1. Bottom-up approach:

By forming health committees to address people’s concerns, the Gram Panchayats can build a framework that can be shared with and implemented by the District Planning Committee. With the involvement of health superintendents or health officials, MLAs and MPs, local governments, private medical institutions, district administrations and CSR initiatives, the shortcomings of health facilities and infrastructure can be addressed.

2. Change of attitude among young doctors to serve in villages:

Most young medical graduates usually prefer working in private institutions especially in the city because of better salaries or facilities. The government should try to encourage these medical graduates to work in rural primary health centres. This could be done by amending their syllabus to bring up the problems of village health centres, their inability to get emergency medical services due to poverty, major health problems faced by the people, schemes brought in by the government, etc. This could make young doctors more compassionate towards poor people in backward areas and work for them.

3. Controlling or checking private hospitals:

The Government of India, various state governments and employment organisations provide medical insurance facilities for the common people, employees and various citizens to reduce out of pocket expenditure upto a certain limit on health expenditure. Taking this as an opportunity, private hospitals across India are charging more to extract the money provided under insurance from patients even for small diseases or injuries.

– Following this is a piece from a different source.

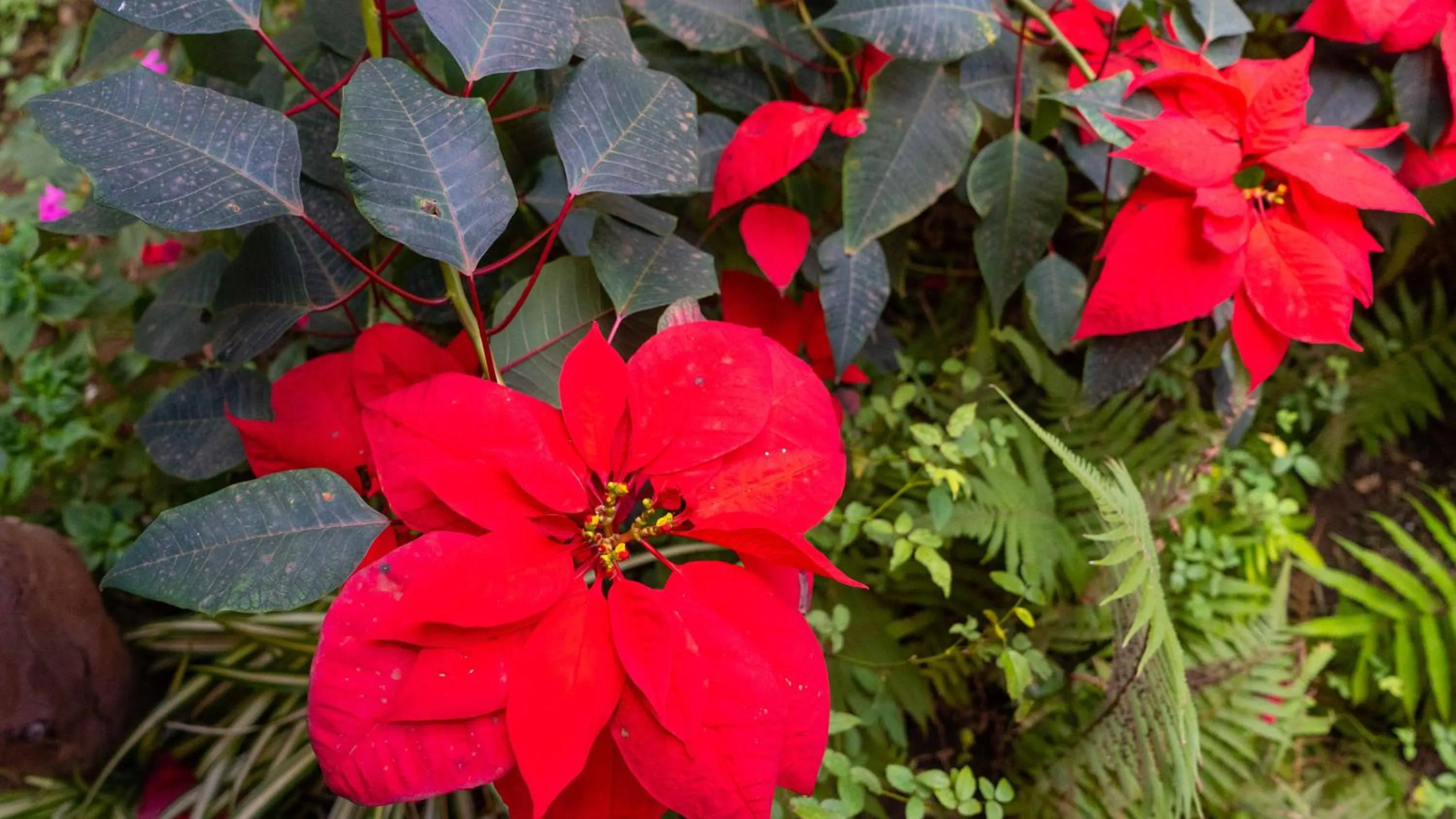 Kaimana Inn Rapa Nui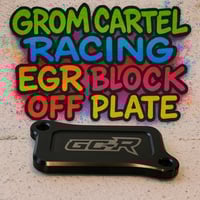 Image 1 of Cbr300/250 EGR plate GC-R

The state governments should strictly monitor these hospitals and regulate the prices for various services through policies.

4. Recording daily details about available facilities made available to patients:

You might know about the tragedy in Gorakhpur last year, where lack of oxygen killed several young children at a government hospital. To stop inadequacies like these, the availability of medicines, oxygen, unoccupied beds, the number of patients admitted and the number of patients visiting each hospital should be recorded daily. This could help in monitoring the process strictly and take preventive measures spontaneously.

5. Confidence building among people:

To improve the image of public hospitals and create confidence among the people, elected leaders and administrative heads should avail treatment only from government hospitals. During her last days, former Tamil Nadu CM, late Jayalalithaa was taken to Apollo Hospital and doctors from foreign countries were flown in for her treatment. Incidents like these show a lack of confidence in government hospitals and make the public lose trust in them.

6. Early comprehensive new-born screening:

Kerala State Government has recently started a unique initiative that will help in the early identification and management of all deficits in infants at appropriate ages so that the state’s burden of developmental delays and disabilities can be reduced in the long run. Under the CNS initiative, it plans to converge all newborn screening programmes under a single umbrella on a web-based platform, with a unified reporting system and link-ups with District Early Intervention Centres (DEICs) so that every infant is tracked. Thus, newborns will be assessed under four domains – visible birth defects, functional deficits (hearing issues, congenital cataract or heart diseases), metabolic disorders and neurodevelopmental issues. All Indian states should start similar initiatives to improve child health.

7. Efforts to be made towards a public-private partnership in setting up medical institutions:

Since it is not always easy to set up healthcare facilities in different parts of the country, the government can look into public-private partnerships. These institutions can serve as teaching centres for medical aspirants and also provide subsidised healthcare to the people. This step could also ensure an improvement in the doctor-patient ratio.

8. Learning from other states:

Regular transfer of knowledge should happen among the states to know how effectively services are being provided. Capacity building programs should also be conducted for doctors and nurses in emergency response. For example, after the outbreak of Nipah virus in Kerala, the state took immediate steps to contain the spread of the disease.

9. Employ more counsellors and psychologists:

As cities continue to expand, there is a huge pressure building among citizens, especially the youth. Local governments and municipal administrations should provide counselling centres for citizens. This would help address the extremely worrying rise of mental health issues in the country.

10. Enhancement of research activities in medical science:

There has been a lot of research in the field of cancer, tuberculosis, diabetes, etc but we have not been able to implement their findings and recommendations due to a lack of support from the government. So the government should encourage innovative research by providing fellowships and also provide more infrastructure for research.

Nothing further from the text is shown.